There is something uncommonly fine in the
right kind of walking.
It is a combination of freedom and discipline.
It is poised, as
if the walker were carrying a weight, yet
proceeds with
unhampered energy. In a man's walk there is a
suggestion of
bearing arms or burdens; in a woman's an
attractive grace that
reflects an inner world of peace.
And when the occasion is religious, what a
beautiful thing
walking can be! It is a genuine act of divine
worship. Merely to
walk into a church in reverent awareness that
we are entering the
house of the Most High, and in a special
manner into his
presence, may be "to walk before the
Lord." Walking in a
religious procession ought not to be what so
often it is, pushing
along out of step and staring about. To escort
the Blessed
Sacrament through the city streets, or through
the fields, "his
own possession," the men marching like
soldiers, the married
women in the dignity of motherhood, the young
girls in the
innocent charm of youth, the young men in
their restrained
strength, all praying in their hearts, should
be a sight of
festive gladness.
A penitential procession should be
supplication in visible form.
It should embody our guilt, and our desperate
need of help, but
also the Christian assurance that overrules
them,--that as in man
there is a power that is superior to all his
other powers, the
power of his untroubled will, so, above and
beyond human guilt
and distress there is the might of the living
God.
Walking is the outward mark of man's essential
and peculiar
nobility. It is the privilege of man alone to
walk erect, his
movement in his own power and choice. The
upright carriage
denotes the human being.
But we are more than human beings. We are, as
the Bible calls us,
the generation of God.

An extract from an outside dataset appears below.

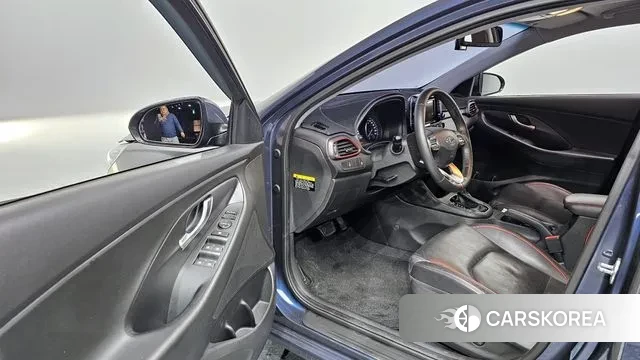Hyundai i30 (PD) 2018 Синий из Кореи, фото 2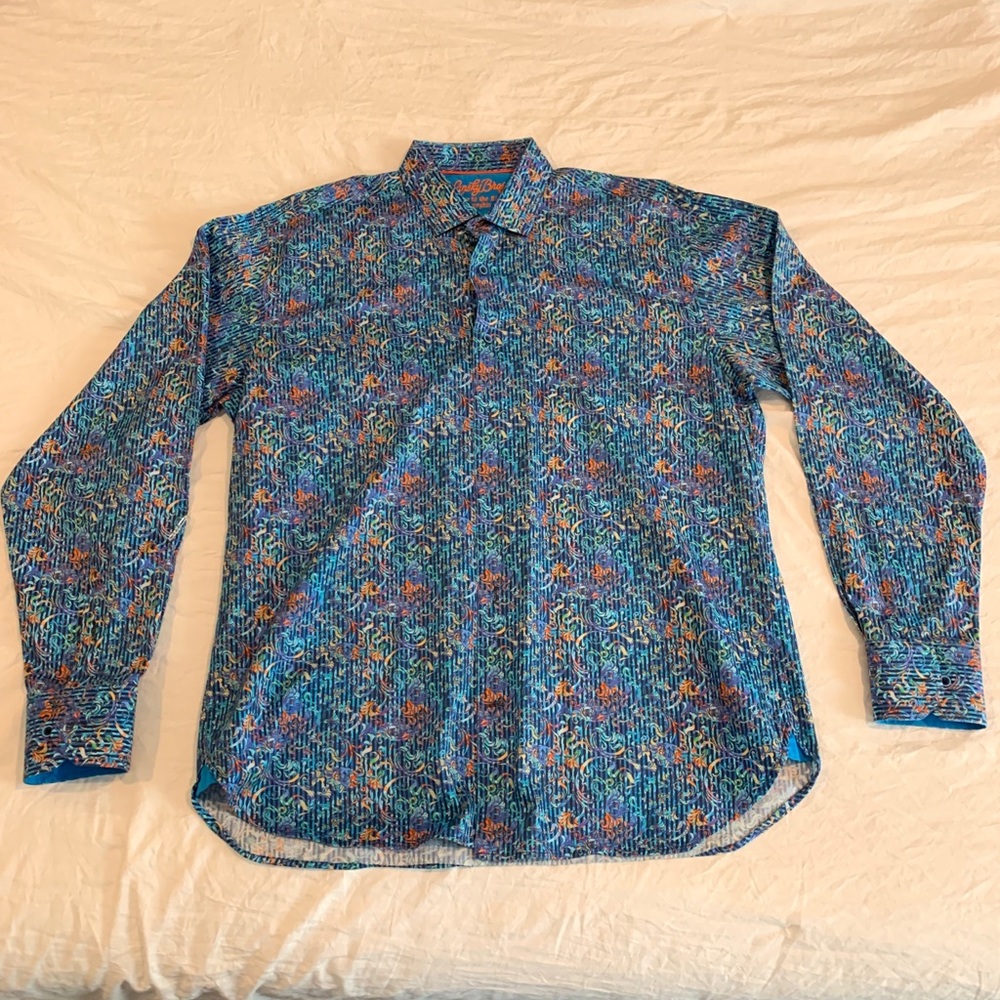Lansky Brothers Dress Shirt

We have been born of
God into newness of
life. Profoundly, through the Sacrament of the
Altar, Christ
lives in us; his body has passed into the
substance of our
bodies; his blood flows in our veins. For "he
that eats my flesh
and drinks my blood abides in me and I in
him." These are his
words. Christ grows in us, and we grow in him,
until being
thoroughly formed by him, we attain to the
full stature of Jesus
Christ, and everything we do or are, "whether
we eat or sleep, or
whatsoever we do," our work, our
recreation, our pleasures and
our pains, are all taken up into the
Christ-life.
The consciousness of this mystery should pass
in all its joyous
strength and beauty into our very manner of
walking. The command
"to walk before the Lord and be perfect"
is a profound figure of
speech. We ought both to fulfil the command
and illustrate the
figure.
But in sober reality. Beauty of this order is
not the product of
mere wishing.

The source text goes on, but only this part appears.